*Exercise details*. Images are not part of the copy; write out the rest of the data exactly as given.

*Data segment*.
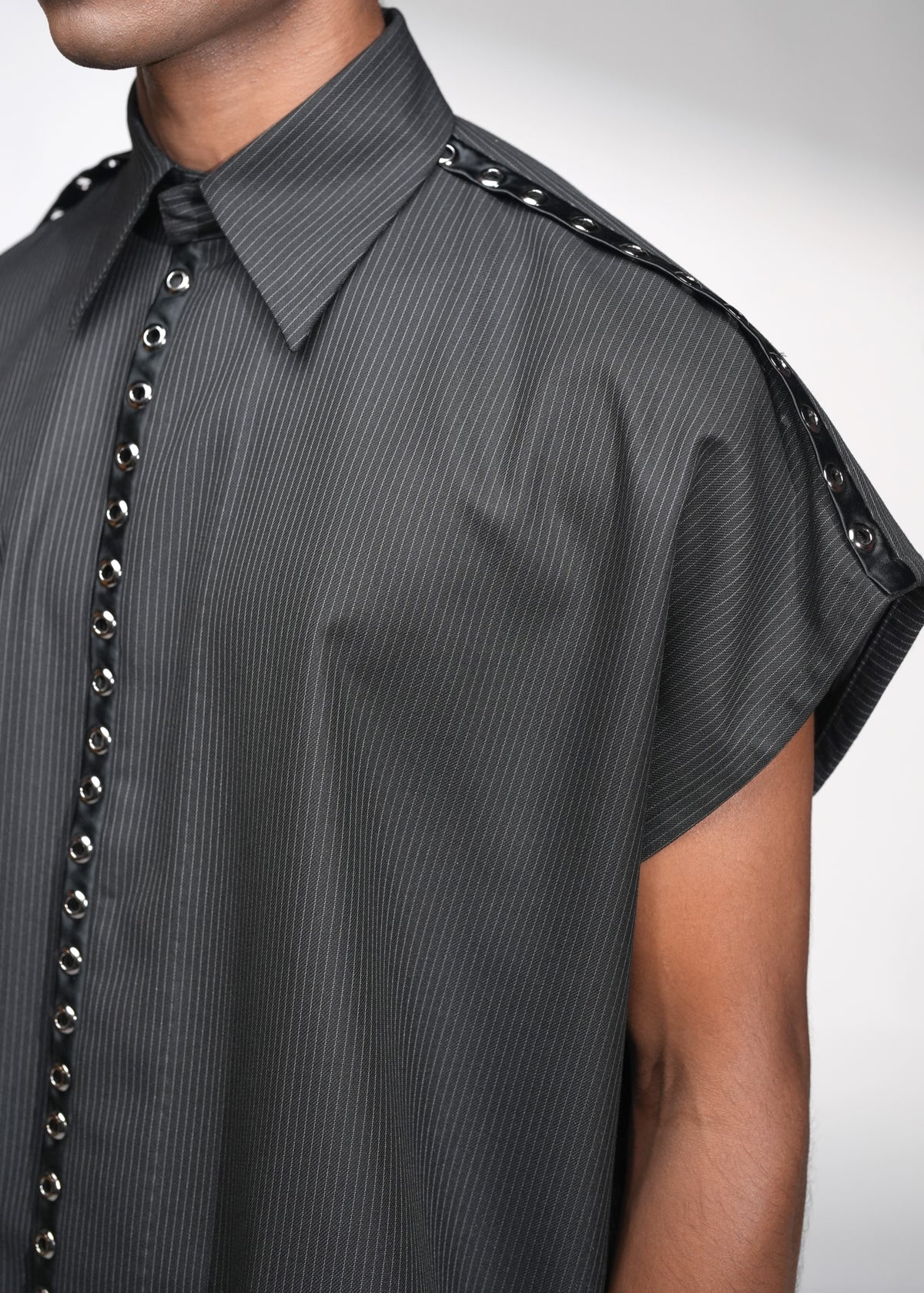 ROSANI The Ease shirt in black - sleeveless pinstripe shirt with metallic eyelet back yoke detail, back view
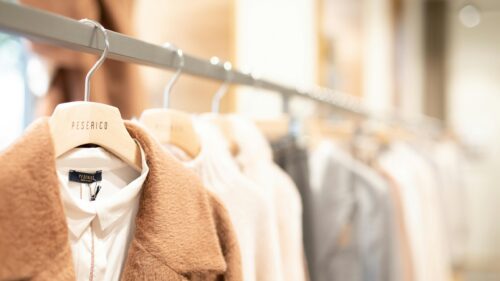 Elegant Boutique Clothing Rack with Cozy Winter Coats Desktop Wallpaper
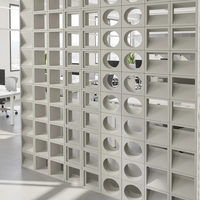 Blocs de ciment perforés à motif circulaire, parpaings, grilles en béton préfabriqué, briques perforées, façades ventilées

*Problem solution*.
 ROSANI The Ease shirt in black - sleeveless pinstripe shirt with metallic eyelet back yoke detail, back view
 Elegant Boutique Clothing Rack with Cozy Winter Coats Desktop Wallpaper
 Blocs de ciment perforés à motif circulaire, parpaings, grilles en béton préfabriqué, briques perforées, façades ventilées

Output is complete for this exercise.